La liberté pour la Messe : vers une liturgie à la carte ?
Cependant, le cardinal s’inquiète dans son discours de clôture que cette liberté rendue à la Tradition devienne une affaire de « sensibilité » qui multiplierait les différences et favoriserait une liturgie « à la carte ».

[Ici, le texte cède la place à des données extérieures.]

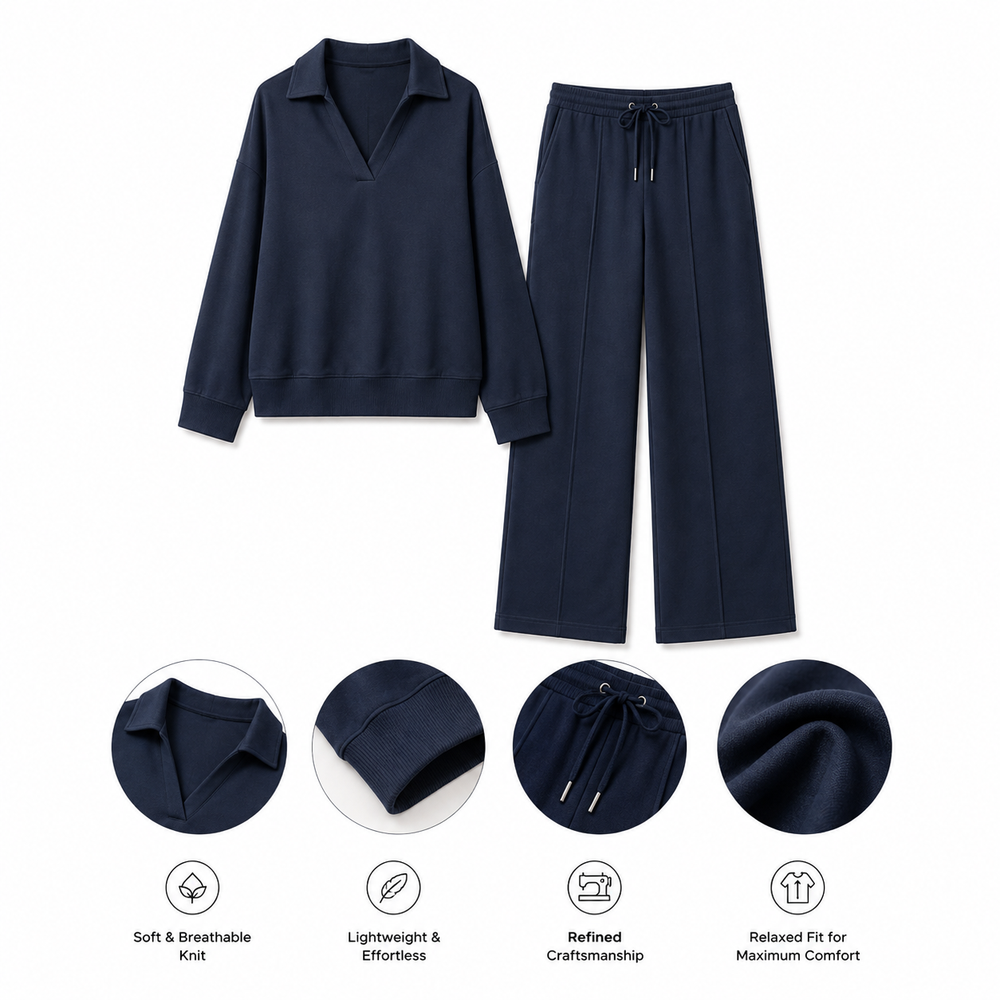 Minuit Navy Polo-Collar Lounge Set — Product detailing and fabric features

Nous voudrions le rassurer. La multiplicité des célébrations post-conciliaires a certes créé des différences déstructurantes pour l’Église et pour les fidèles – le cardinal Ratzinger parlait de « désintégration » liturgique. Ces célébrations souvent si particularistes, sans forme fixe, imprévisibles et parfois inadmissibles, ne sont pas le fait des « traditionalistes ». Ceux-ci sont attachés à la Messe grégorienne, certes pour sa beauté sacrale, pour son gage d’unité de langue et de rite, pour son rayonnement spirituel, mais aussi pour des raisons motivées en doctrine. Le colloque universitaire du 2 décembre 2006, organisé à Paris par l’Institut du Bon Pasteur, atteste que la liturgie n’est pas pour nous une question de sensibilité, mais de sciences historiques, de théologie et surtout de fidélité. Benoît XVI, dans son catéchisme abrégé, rappelle en effet que la garantie de l’unité liturgique dans la pluralité, « c’est la fidélité à la tradition apostolique » (n° 1209).

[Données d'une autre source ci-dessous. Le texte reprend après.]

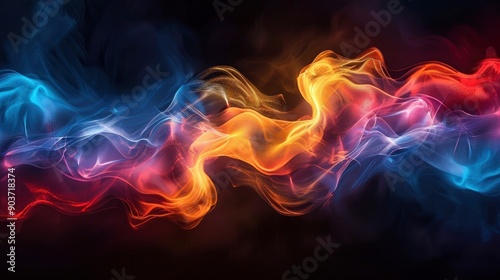 Dynamic colorful waves on a black background.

Les discours de Lourdes seront-ils suivis d’effets ? En attendant ce Motu proprio qui bousculera sans doute quelques acquis en restituant une liberté injustement perdue, nous prions avec confiance. Dans la pratique, grâce au concours du Cardinal Ricard, pour la première fois en France sera bientôt érigée à Bordeaux une paroisse personnelle de rite propre, confiée à un Institut de Droit pontifical : par la grâce de Saint-Eloi, ce qui n’était encore hier qu’une intention de prière deviendra sous peu une réalité vivante et j’ose dire historique, pour la paix de l’Église Une, catholique et apostolique.

Abbé Christophe Héry

L'assentiment au concile, d'après le droit canonique

Un concile œcuménique peut requérir l’assentiment de foi, mais sous des conditions précises : il faut que soit déclarée l’obligation pour toute l’Église et pour tous les temps d’adhérer aux définitions du concile. Ce que Vatican II s’est expressément gardé de faire. Il échappe au domaine d’infaillibilité définitivement défini par le concile précédent, Vatican I, et rappelé nettement par le Code de 1983 :
Canon 749 § 2 a : Le Collège des Évêques jouit lui aussi de l’infaillibilité dans le Magistère lorsque les Évêques assemblés en concile œcuménique exercent le Magistère comme docteurs et juges de la foi et des mœurs, et déclarent pour l’Église toute entière qu’il faut tenir de manière définitive une doctrine qui concerne la foi ou les mœurs.
S’agissant de l’interprétation d’un concile, on doit de plus observer la règle stricte qui délimite le champ d’application de l’infaillibilité :
Canon 749 § 3 : Aucune doctrine n’est considérée comme infailliblement définie que si cela est manifestement établi.
On assiste depuis 40 ans, sur ce point de l’interprétation du Concile, à une extension illégitime du domaine d’infaillibilité de l’Église. Le cardinal RATZINGER, dans une conférence au Chili donnée au lendemain des sacres, le 13 juillet 1988, concédait à Mgr LEFEBVRE ce fait :
« On a l’impression que, depuis Vatican II, tout a changé et que tout ce qui a précédé n’a plus de valeur ou, dans le meilleurs des cas, n’a de valeur qu’à la lumière du Concile […] La vérité est que le Concile lui-même n’a défini aucun dogme et a tenu à se situer à un niveau plus modeste, simplement comme un concile pastoral.»
Vatican II ne peut donc exiger globalement l’assentiment de la foi des fidèles.